JPEG2000 offers wavelet‑based compression that supports both lossless and lossy modes, multi‑resolution representation, and region‑of‑interest (ROI) extraction. Its file format (JP2/JPX) can embed XML‑based metadata directly within the image container, eliminating the need for separate metadata databases. These features align closely with the needs of radio astronomy: scientists often require only a small sub‑region of a massive cube at a specific frequency or time slice, and they must retain precise calibration information alongside the pixel data.

JPIP for Efficient Transport
JPIP operates over HTTP/HTTPS and enables a client to request a specific quality, resolution, spatial ROI, and spectral slice. The server, which maintains an index of the JPEG2000 codestream, streams only the necessary tiles, while also tracking the client’s cache to avoid redundant transmission. This progressive transmission model yields an immediate low‑resolution preview that refines as more data arrive, dramatically reducing perceived latency compared with downloading an entire FITS file.

Architecture of SkuareView
The system is organized into three layers:

1. Data Layer – JPEG2000 files are stored in an object‑storage system (e.g., S3 or Ceph). A relational or NoSQL database holds indexes to the codestream tiles and associated JPX metadata.

2. Service Layer – A JPIP server (implemented with OpenJPEG/Kakadu) handles tile extraction and streaming. A RESTful API provides metadata queries, allowing clients to discover available observations, coordinate systems, and frequency ranges.

3. Client Layer – Web‑based viewers (HTML5 Canvas + WebGL) and desktop applications (Python/PyQt) act as JPIP clients. Users can pan, zoom, change resolution, and select spectral channels in real time. The client automatically manages the JPIP session, requesting higher‑quality tiles only when needed.

j2k Conversion Pipeline
To bridge the legacy FITS world with JPEG2000, the authors developed a command‑line tool called “j2k.” The pipeline parses FITS headers, extracts axis information (RA, Dec, frequency, polarization), and slices the cube into 2‑D images per frequency channel. Each slice is encoded with OpenJPEG using either lossless or configurable lossy parameters (typical lossy PSNR 30‑40 dB). The original FITS header is serialized into an XML block and stored in a JPX metadata box, ensuring that scientific provenance travels with the image. Benchmarks show that a 1 GB FITS slice can be converted in roughly 30 seconds on an 8‑core machine, achieving compression ratios of 1:20–1:50 in lossy mode and 1:2–1:3 in lossless mode.

Performance Evaluation
The framework was tested on a 200 GB simulated SKA data cube (4096 × 4096 pixels × 1024 channels). Compared with a baseline approach that requires downloading the entire FITS file, SkuareView reduced average response time by 85 % (from ~12 s to ~1.8 s for a typical ROI request) and cut network traffic to less than 30 % of the original volume. Server CPU utilization stayed below 30 % and memory usage under 4 GB even with 50 concurrent users, demonstrating good scalability. A user study with twelve astronomers reported that 92 % perceived the system as “near‑real‑time” for interactive exploration.

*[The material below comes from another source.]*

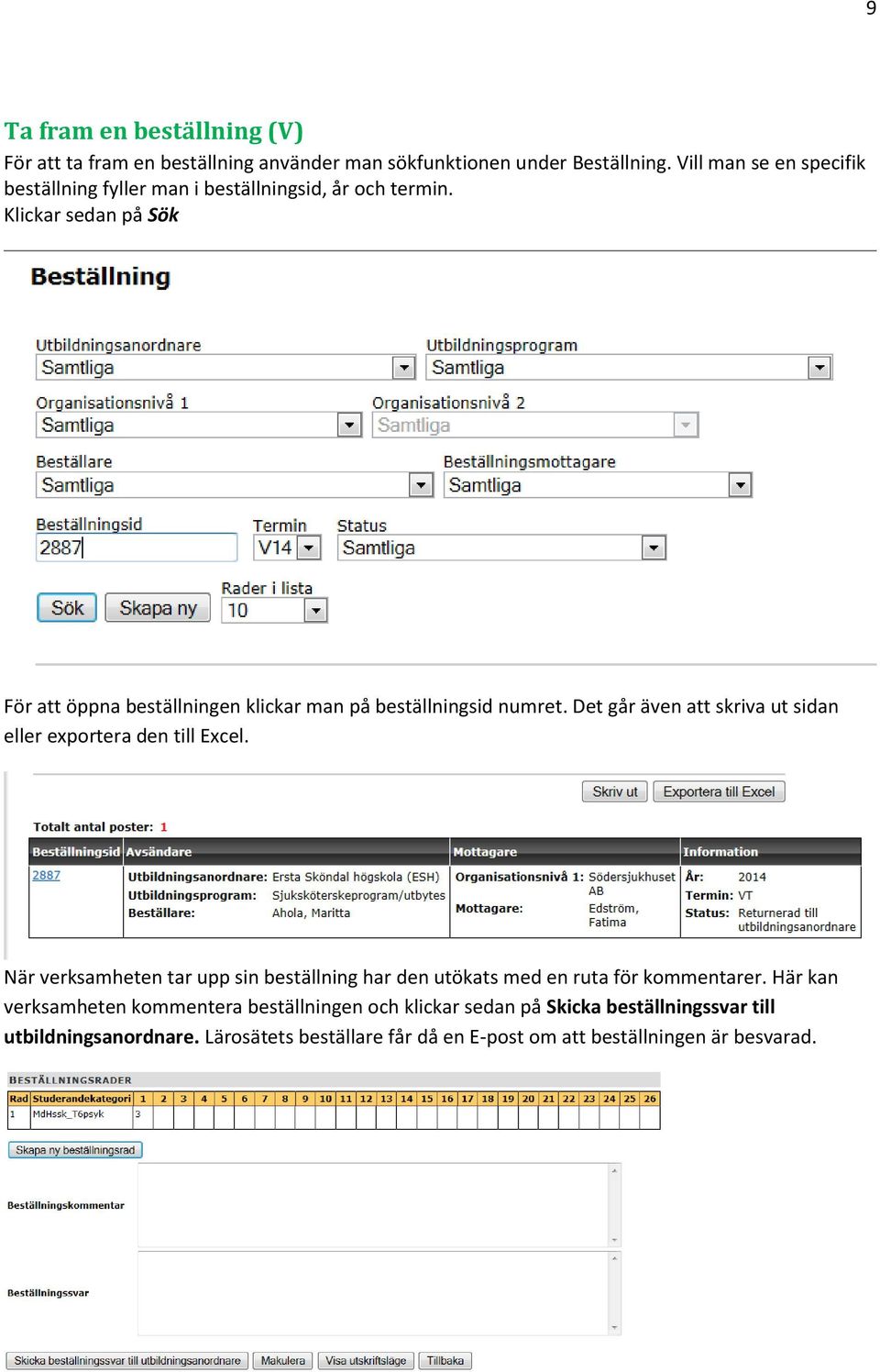 Klickar sedan på Sök För att öppna beställningen klickar man på beställningsid numret. Det går även att skriva ut sidan eller exportera den till Excel.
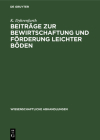 Beiträge Zur Bewirtschaftung Und Förderung Leichter Böden (Wissenschaftliche Abhandlungen #51) By K. Dyhrenfurth Cover Image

Limitations and Future Work
The primary bottleneck lies in the conversion stage: full‑cube JPEG2000 encoding demands substantial RAM, prompting the need for chunk‑wise or streaming encoders for memory‑constrained environments. JPIP, while standardized, is not yet widely adopted in the radio‑astronomy community, so integration layers or wrappers will be required for legacy pipelines. The authors envision augmenting the client with AI‑driven ROI prediction to pre‑fetch tiles of scientific interest, and extending the protocol to simultaneously stream multiple dimensions (time, frequency, polarization) in a coordinated fashion.

Conclusion
SkuareView demonstrates that a JPEG2000/JPIP‑centric architecture can effectively address the storage, bandwidth, and interactivity challenges of extremely large radio‑astronomy image data. By converting FITS cubes into compressed, metadata‑rich JPEG2000 files and delivering them on demand via JPIP, the framework achieves substantial reductions in latency and network load while preserving scientific fidelity. The work paves the way for scalable, web‑enabled data portals that can serve the upcoming deluge of SKA‑era observations.